● **Goal of the exercise**: Write the data below out again, with each line matching the original.

[Dataset items]
──────
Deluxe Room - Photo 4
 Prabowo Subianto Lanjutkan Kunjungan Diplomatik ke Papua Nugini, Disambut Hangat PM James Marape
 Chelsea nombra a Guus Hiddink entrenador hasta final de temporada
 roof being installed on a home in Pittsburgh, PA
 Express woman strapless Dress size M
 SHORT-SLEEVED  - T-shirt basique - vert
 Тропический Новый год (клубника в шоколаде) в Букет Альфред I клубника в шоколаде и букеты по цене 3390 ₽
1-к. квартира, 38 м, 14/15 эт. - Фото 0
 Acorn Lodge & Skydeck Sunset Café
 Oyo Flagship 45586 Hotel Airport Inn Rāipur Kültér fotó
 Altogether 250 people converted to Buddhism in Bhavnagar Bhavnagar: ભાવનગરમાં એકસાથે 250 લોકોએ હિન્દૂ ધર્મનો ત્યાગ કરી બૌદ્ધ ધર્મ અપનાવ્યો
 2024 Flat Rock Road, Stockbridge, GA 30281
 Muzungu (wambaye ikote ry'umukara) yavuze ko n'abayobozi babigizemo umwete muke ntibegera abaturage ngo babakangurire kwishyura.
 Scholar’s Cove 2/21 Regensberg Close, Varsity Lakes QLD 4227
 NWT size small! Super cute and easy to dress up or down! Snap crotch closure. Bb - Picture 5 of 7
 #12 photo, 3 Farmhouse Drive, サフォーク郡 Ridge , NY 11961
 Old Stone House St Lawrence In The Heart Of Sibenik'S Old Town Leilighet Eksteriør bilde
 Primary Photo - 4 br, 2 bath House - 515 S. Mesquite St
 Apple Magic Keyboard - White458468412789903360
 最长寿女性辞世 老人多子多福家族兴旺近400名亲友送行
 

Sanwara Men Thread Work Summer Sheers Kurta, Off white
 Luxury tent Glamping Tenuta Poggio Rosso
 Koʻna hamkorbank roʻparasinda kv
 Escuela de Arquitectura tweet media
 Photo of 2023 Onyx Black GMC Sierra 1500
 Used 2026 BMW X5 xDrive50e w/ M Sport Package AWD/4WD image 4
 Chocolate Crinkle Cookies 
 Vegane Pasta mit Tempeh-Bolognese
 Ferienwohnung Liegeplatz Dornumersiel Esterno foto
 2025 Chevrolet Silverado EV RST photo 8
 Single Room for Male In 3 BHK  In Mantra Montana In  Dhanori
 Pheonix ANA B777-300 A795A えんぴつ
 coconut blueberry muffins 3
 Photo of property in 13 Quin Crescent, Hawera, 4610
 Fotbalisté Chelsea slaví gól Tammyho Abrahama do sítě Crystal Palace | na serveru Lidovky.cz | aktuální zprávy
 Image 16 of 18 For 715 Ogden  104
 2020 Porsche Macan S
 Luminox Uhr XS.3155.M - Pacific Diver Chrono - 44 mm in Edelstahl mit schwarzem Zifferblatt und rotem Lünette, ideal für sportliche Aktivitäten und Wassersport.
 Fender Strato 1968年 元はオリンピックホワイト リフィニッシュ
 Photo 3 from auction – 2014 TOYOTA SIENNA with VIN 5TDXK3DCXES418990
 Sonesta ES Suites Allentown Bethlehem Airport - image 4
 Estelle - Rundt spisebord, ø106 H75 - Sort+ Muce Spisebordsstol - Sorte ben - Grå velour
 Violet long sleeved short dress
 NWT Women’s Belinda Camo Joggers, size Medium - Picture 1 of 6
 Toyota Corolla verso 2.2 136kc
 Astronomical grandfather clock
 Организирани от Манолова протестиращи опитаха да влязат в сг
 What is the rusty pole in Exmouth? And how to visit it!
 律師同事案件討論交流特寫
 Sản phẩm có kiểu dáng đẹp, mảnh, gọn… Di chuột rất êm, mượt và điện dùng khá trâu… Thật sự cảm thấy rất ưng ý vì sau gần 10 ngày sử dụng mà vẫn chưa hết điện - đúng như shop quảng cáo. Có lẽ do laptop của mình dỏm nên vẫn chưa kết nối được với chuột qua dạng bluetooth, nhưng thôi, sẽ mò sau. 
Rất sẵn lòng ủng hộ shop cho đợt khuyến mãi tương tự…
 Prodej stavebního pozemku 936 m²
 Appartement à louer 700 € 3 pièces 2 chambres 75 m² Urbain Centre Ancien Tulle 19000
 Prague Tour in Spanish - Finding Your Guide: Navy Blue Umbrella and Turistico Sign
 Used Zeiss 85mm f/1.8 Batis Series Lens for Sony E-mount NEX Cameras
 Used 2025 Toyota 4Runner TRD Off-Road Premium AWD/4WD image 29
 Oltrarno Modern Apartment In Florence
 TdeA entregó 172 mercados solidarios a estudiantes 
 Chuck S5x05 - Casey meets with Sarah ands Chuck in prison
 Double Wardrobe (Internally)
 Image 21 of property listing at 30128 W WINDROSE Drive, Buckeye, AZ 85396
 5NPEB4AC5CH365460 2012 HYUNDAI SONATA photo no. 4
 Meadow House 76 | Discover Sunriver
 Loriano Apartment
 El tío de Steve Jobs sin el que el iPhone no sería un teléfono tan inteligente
──────
● **Answer to this task**:
Deluxe Room - Photo 4
 Prabowo Subianto Lanjutkan Kunjungan Diplomatik ke Papua Nugini, Disambut Hangat PM James Marape
 Chelsea nombra a Guus Hiddink entrenador hasta final de temporada
 roof being installed on a home in Pittsburgh, PA
 Express woman strapless Dress size M
 SHORT-SLEEVED  - T-shirt basique - vert
 Тропический Новый год (клубника в шоколаде) в Букет Альфред I клубника в шоколаде и букеты по цене 3390 ₽
1-к. квартира, 38 м, 14/15 эт. - Фото 0
 Acorn Lodge & Skydeck Sunset Café
 Oyo Flagship 45586 Hotel Airport Inn Rāipur Kültér fotó
 Altogether 250 people converted to Buddhism in Bhavnagar Bhavnagar: ભાવનગરમાં એકસાથે 250 લોકોએ હિન્દૂ ધર્મનો ત્યાગ કરી બૌદ્ધ ધર્મ અપનાવ્યો
 2024 Flat Rock Road, Stockbridge, GA 30281
 Muzungu (wambaye ikote ry'umukara) yavuze ko n'abayobozi babigizemo umwete muke ntibegera abaturage ngo babakangurire kwishyura.
 Scholar’s Cove 2/21 Regensberg Close, Varsity Lakes QLD 4227
 NWT size small! Super cute and easy to dress up or down! Snap crotch closure. Bb - Picture 5 of 7
 #12 photo, 3 Farmhouse Drive, サフォーク郡 Ridge , NY 11961
 Old Stone House St Lawrence In The Heart Of Sibenik'S Old Town Leilighet Eksteriør bilde
 Primary Photo - 4 br, 2 bath House - 515 S. Mesquite St
 Apple Magic Keyboard - White458468412789903360
 最长寿女性辞世 老人多子多福家族兴旺近400名亲友送行
 

Sanwara Men Thread Work Summer Sheers Kurta, Off white
 Luxury tent Glamping Tenuta Poggio Rosso
 Koʻna hamkorbank roʻparasinda kv
 Escuela de Arquitectura tweet media
 Photo of 2023 Onyx Black GMC Sierra 1500
 Used 2026 BMW X5 xDrive50e w/ M Sport Package AWD/4WD image 4
 Chocolate Crinkle Cookies 
 Vegane Pasta mit Tempeh-Bolognese
 Ferienwohnung Liegeplatz Dornumersiel Esterno foto
 2025 Chevrolet Silverado EV RST photo 8
 Single Room for Male In 3 BHK  In Mantra Montana In  Dhanori
 Pheonix ANA B777-300 A795A えんぴつ
 coconut blueberry muffins 3
 Photo of property in 13 Quin Crescent, Hawera, 4610
 Fotbalisté Chelsea slaví gól Tammyho Abrahama do sítě Crystal Palace | na serveru Lidovky.cz | aktuální zprávy
 Image 16 of 18 For 715 Ogden  104
 2020 Porsche Macan S
 Luminox Uhr XS.3155.M - Pacific Diver Chrono - 44 mm in Edelstahl mit schwarzem Zifferblatt und rotem Lünette, ideal für sportliche Aktivitäten und Wassersport.
 Fender Strato 1968年 元はオリンピックホワイト リフィニッシュ
 Photo 3 from auction – 2014 TOYOTA SIENNA with VIN 5TDXK3DCXES418990
 Sonesta ES Suites Allentown Bethlehem Airport - image 4
 Estelle - Rundt spisebord, ø106 H75 - Sort+ Muce Spisebordsstol - Sorte ben - Grå velour
 Violet long sleeved short dress
 NWT Women’s Belinda Camo Joggers, size Medium - Picture 1 of 6
 Toyota Corolla verso 2.2 136kc
 Astronomical grandfather clock
 Организирани от Манолова протестиращи опитаха да влязат в сг
 What is the rusty pole in Exmouth? And how to visit it!
 律師同事案件討論交流特寫
 Sản phẩm có kiểu dáng đẹp, mảnh, gọn… Di chuột rất êm, mượt và điện dùng khá trâu… Thật sự cảm thấy rất ưng ý vì sau gần 10 ngày sử dụng mà vẫn chưa hết điện - đúng như shop quảng cáo. Có lẽ do laptop của mình dỏm nên vẫn chưa kết nối được với chuột qua dạng bluetooth, nhưng thôi, sẽ mò sau. 
Rất sẵn lòng ủng hộ shop cho đợt khuyến mãi tương tự…
 Prodej stavebního pozemku 936 m²
 Appartement à louer 700 € 3 pièces 2 chambres 75 m² Urbain Centre Ancien Tulle 19000
 Prague Tour in Spanish - Finding Your Guide: Navy Blue Umbrella and Turistico Sign
 Used Zeiss 85mm f/1.8 Batis Series Lens for Sony E-mount NEX Cameras
 Used 2025 Toyota 4Runner TRD Off-Road Premium AWD/4WD image 29
 Oltrarno Modern Apartment In Florence
 TdeA entregó 172 mercados solidarios a estudiantes 
 Chuck S5x05 - Casey meets with Sarah ands Chuck in prison
 Double Wardrobe (Internally)
 Image 21 of property listing at 30128 W WINDROSE Drive, Buckeye, AZ 85396
 5NPEB4AC5CH365460 2012 HYUNDAI SONATA photo no. 4
 Meadow House 76 | Discover Sunriver
 Loriano Apartment
 El tío de Steve Jobs sin el que el iPhone no sería un teléfono tan inteligente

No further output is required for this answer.